[This fragment is available in an audio version.]
Sometimes it’s wrong to begin a phrase with the word “just”. I offer as evidence two such situations. I think there’s a common thread to be drawn.
Stuck · People with mental-health issues can get stuck. For example, when some combination of depression and anxiety means they can’t get out of bed all day, and can’t say why. Or when they really need to get dressed or packed or organized for some imminent un-reschedulable event, and can’t get started.
It would be easy to — sorry, it is easy, I know this because I have — say something like “Just stand up and look out the window, it’s sunny.” Or “Just grab some random underwear and drop them in the suitcase, then you’ll be started”. Or “Just get the binder out of your knapsack and look at the first page.”
This. Will. Not. Help.
Broken · Suppose a colleague at work who takes care of an important high-volume Web Service is dealing with a horrible problem: Spiking latencies, or an actual outage. They’re not making good progress, and someone’s asked you if you can help. You look at some graphs and error messages. It’s easy (once again, I speak from experience) to say something like “Could you just cache the hot partition keys?” or “So, just scan the logs for the high-latency signals and frequency-sort them.”
This. Will. Not. Help.
Philology · Pardon this sidebar; I’ve got a history with dictionaries. And, we have lots of ’em within pretty easy reach of where I’m sitting to write this. I was curious about this usage of “just” in a sense which sort of means “merely”, diminishing the difficulty of whatever action is being proposed.

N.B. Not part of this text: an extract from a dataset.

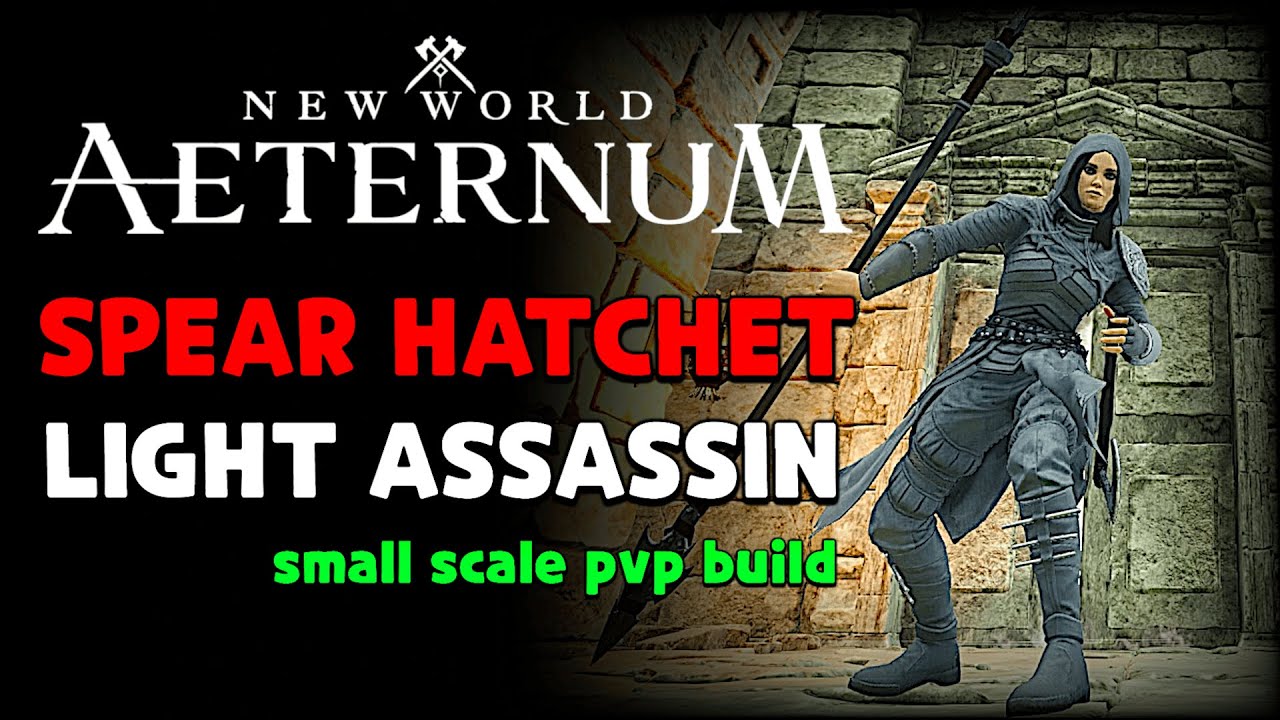 New World Aeternum - Spear & Hatchet //light melee assassin 🔥PvP🔥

So I grabbed the Shorter OED (4th ed.), which is a lot easier on the wrists and eyes than the full OED and which, cognoscenti will tell you, is maybe a little stronger on etymology than its larger sibling. Disappointingly, I turned up nothing. So I went and took out the Compact Oxford English Dictionary. Note: This is not the teeny little Compact Oxford Dictionary, it’s a 1989 printing of the then-new full Second Edition of the OED, photographically reduced with nine pages on each of its (very large) leaves. Which means it strains the wrist and you need a magnifying glass to read the text.
Wondering why I care? I helped produce these artifacts. Must write about that someday… anyhow.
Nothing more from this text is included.